(Caption-style text data)
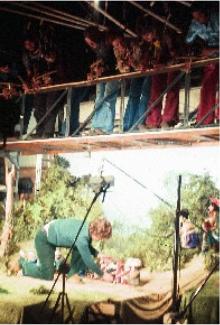 Bogus Machnik, Ann Brandon, Judith Shutt, John Jelly and Paul Marwaha watch Mary Turner from above on Cloppa Castle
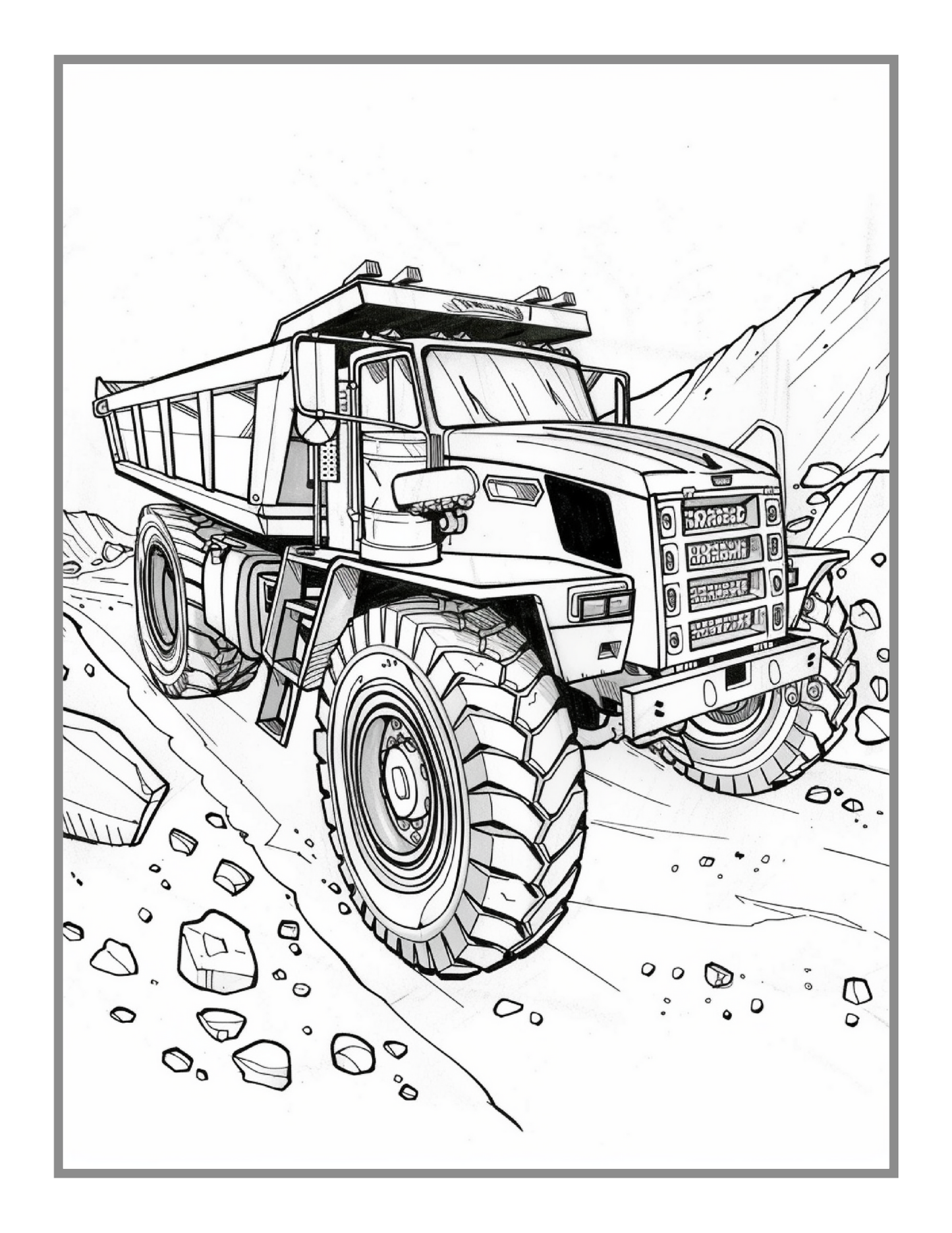 50 Pages Construction Vehicle Coloring Book Gift for Men Women Adults Kids Boys Girls Teens Children Truck Excavator Coloring Pages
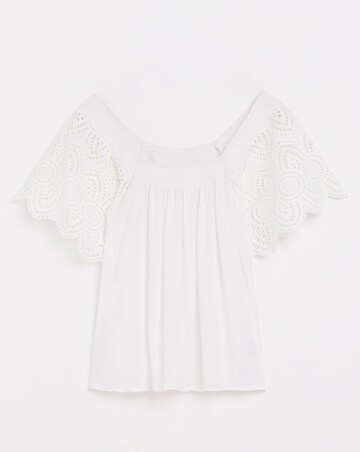 Square Neck Crochet Sleeve Top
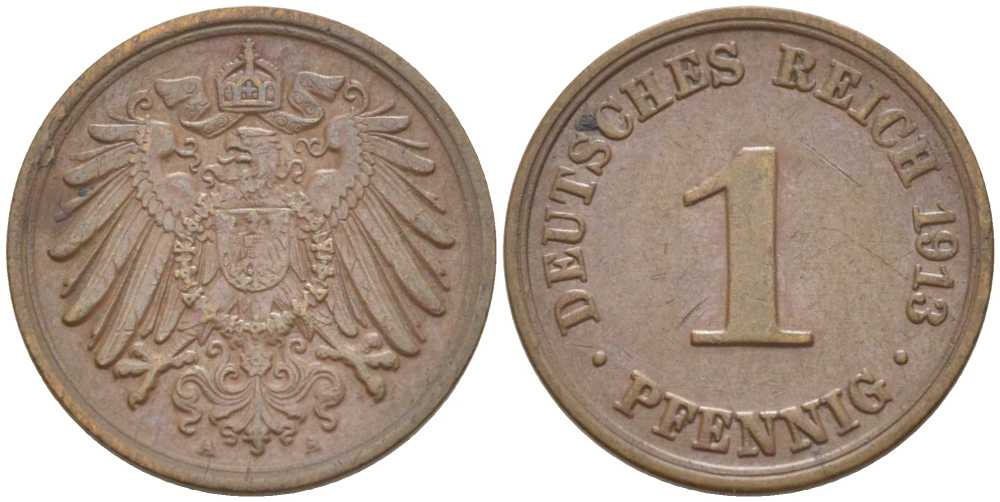 ГЕРМАНИЯ 1 ПФЕННИГ 1913 A KM 10, J. 10, Weege 2 медь 211-467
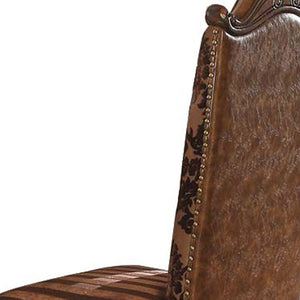 Homeroots Set Of Two Brown Upholstered Faux Leather Queen Anne Back Dining Side Chairs  Wood 347316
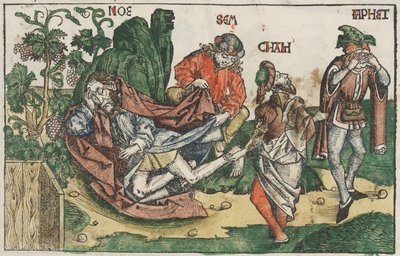 नूह का शराबीपन, c.1483-95 (हाथ से रंगी लकडी) द्वारा अज्ञात कलाकार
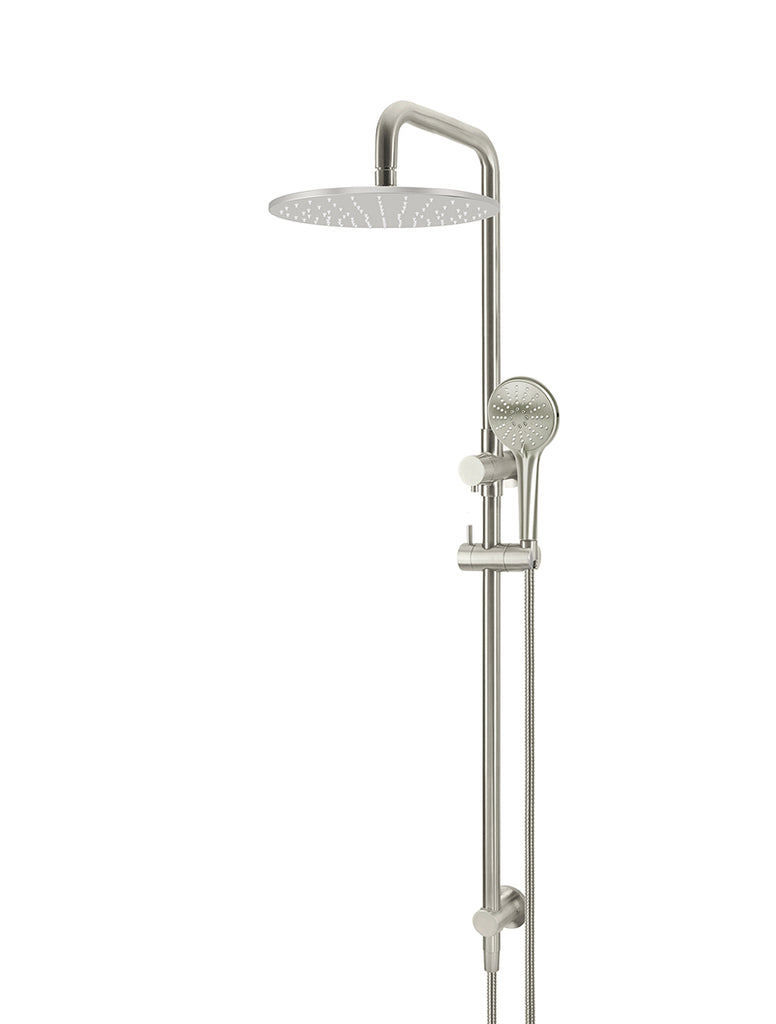 Round Combination Shower Rail 300mm Rose, Three Function Hand Shower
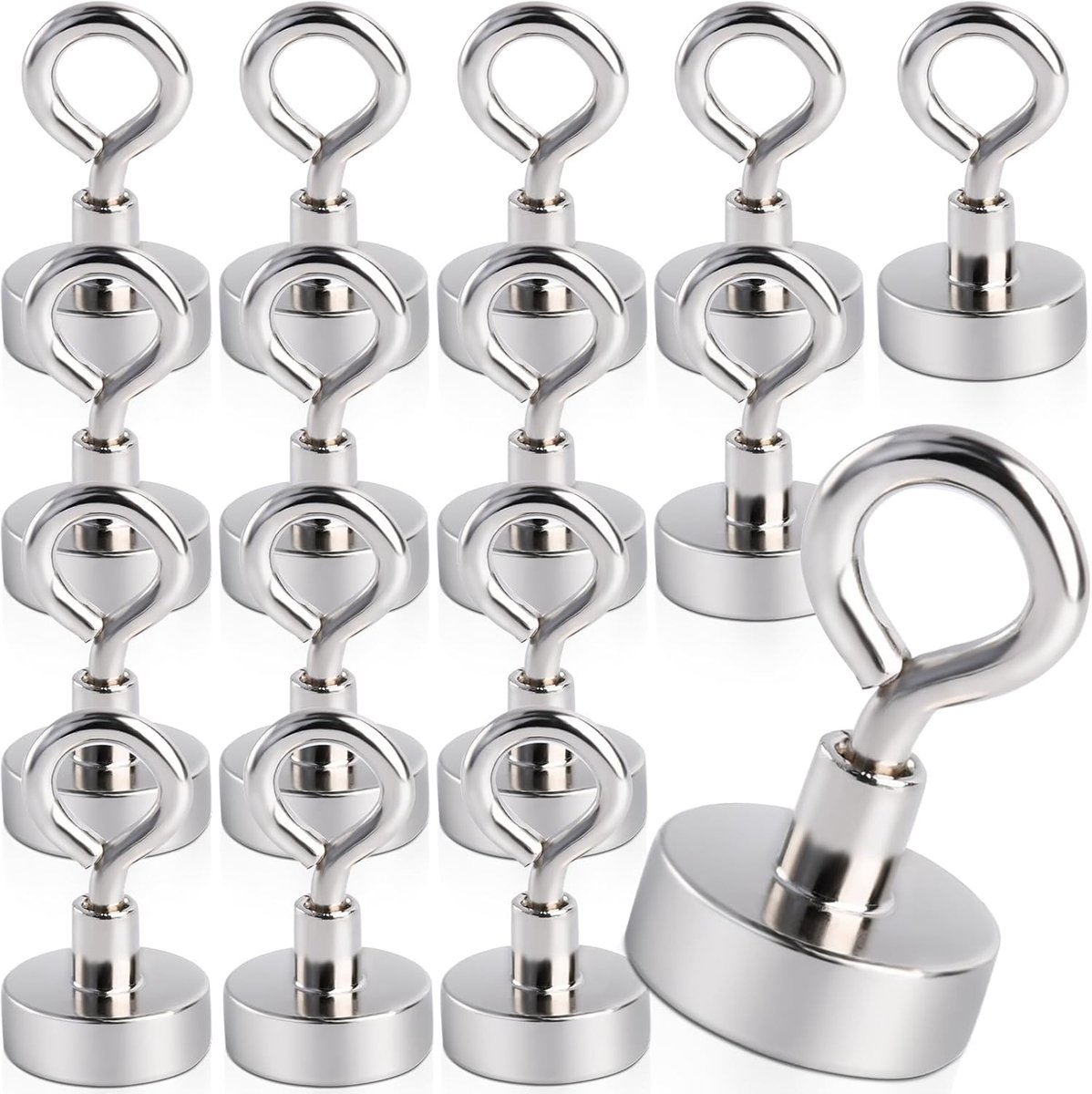 FPMYB Pack of 16 Magnetic Hooks Extra Strong 10kg Magnetic Hooks 20mm Neodymium Magnetic Hooks Magnetic Hooks Eye - ShopVlot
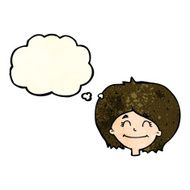 cartoon happy female face with thought bubble N70
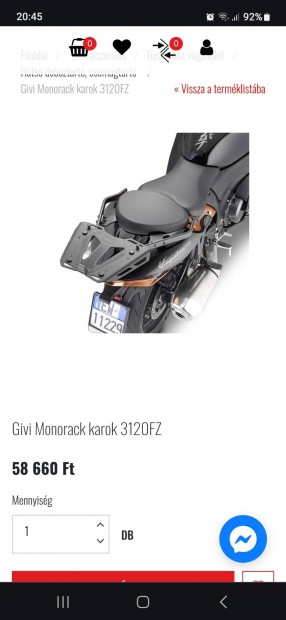 Suzuki Hayabusa Gen 3 Givi monolock doboztart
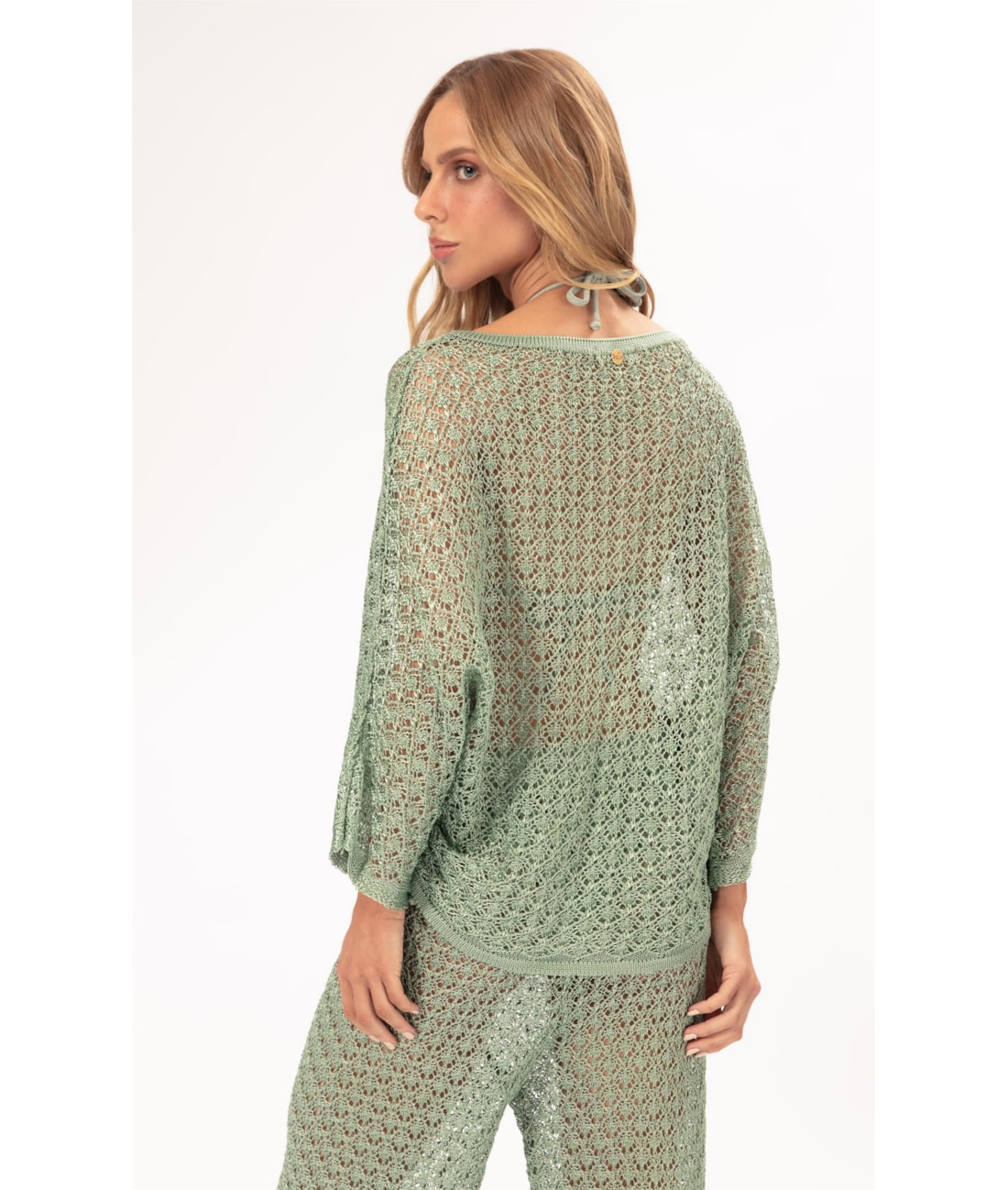 Blusa Dec v Tricot Nice Verde Maca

▶ _Work instruction_: Only the lines from the top of the records through the line with "50 Pages Construction" belong in the copy; write them out exactly, leaving out pictures.

▶ _Answer space_:
 Bogus Machnik, Ann Brandon, Judith Shutt, John Jelly and Paul Marwaha watch Mary Turner from above on Cloppa Castle
 50 Pages Construction Vehicle Coloring Book Gift for Men Women Adults Kids Boys Girls Teens Children Truck Excavator Coloring Pages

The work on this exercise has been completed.